Gannett trades for just $2.8 billion despite having generated free cash flow of about $800 million in each of the last three years. So far this year, that trend looks set to continue or even improve, as through six months the company has generated some $400 million in free cash flow.
But as is the case with many companies in this industry, a potential risk to shareholders is a rather large debt burden. To the company's credit, however, this debt burden has been on the decline. In early 2008 it was over $4 billion; today, it is likely under $2 billion! This speaks volumes about Gannett's ability to generate cash: it was able to pay off $2 billion worth of debt in 3.5 years, while at the same time investing enough in its business to maintain current cash flows.

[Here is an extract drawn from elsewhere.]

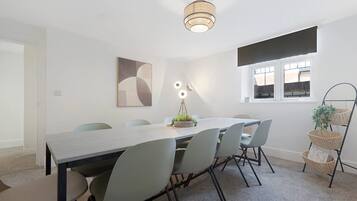 Un comedor moderno con una mesa larga, seis sillas, una lámpara colgante y un ventanal con persianas.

If the company can maintain this level of cash flow for a few more years, shareholders who buy in at this price will make a fortune. The question of course is whether the company will be able to do that, as Mr. Market seems to believe otherwise. Debt levels have a way of looming large over companies in declining industries, as fixed debt payments have to be serviced by lower revenue in-take. Nevertheless, for those who believe the rate of demise of these industries is over-exaggerated, Gannett may be an attractive investment.
The question investors should ask themselves is whether they are comfortable with the company's debt level. While it would only take 3-4 years to pay down completely at the company's current rate of cash generation, if advertising spend accelerates away from Gannett's newspapers and tv stations, it could take much longer.
Buying a company in a declining industry can be done successfully. But the investor should be sure to understand the risks of such an investment, particularly when they are magnified by a significant debt balance.